§ PROVIDED MATERIAL
---

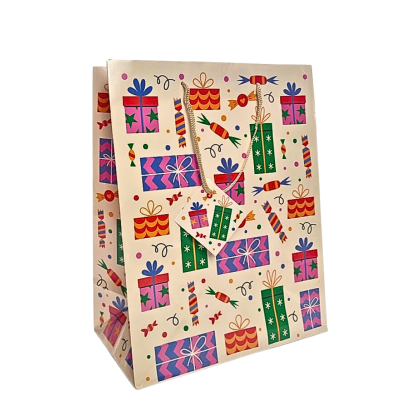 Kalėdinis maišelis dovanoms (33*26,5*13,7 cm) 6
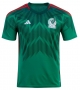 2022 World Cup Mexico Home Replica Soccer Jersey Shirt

---

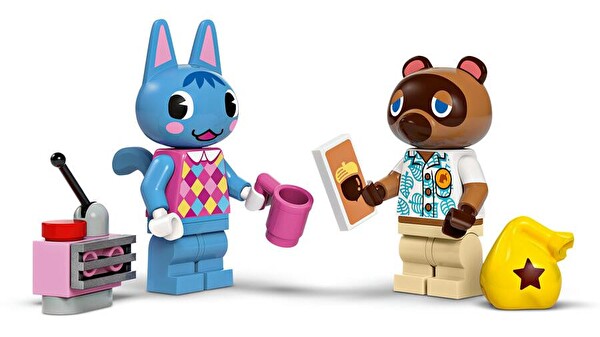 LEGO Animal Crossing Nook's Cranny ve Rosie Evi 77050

---

§ TASK TO COMPLETE
Look above for the line containing "Kalėdinis maišelis dovanoms" and the line containing "2022 World Cup", then reproduce both and everything between them exactly, pictures omitted.

§ EXERCISE ANSWER
 Kalėdinis maišelis dovanoms (33*26,5*13,7 cm) 6
 2022 World Cup Mexico Home Replica Soccer Jersey Shirt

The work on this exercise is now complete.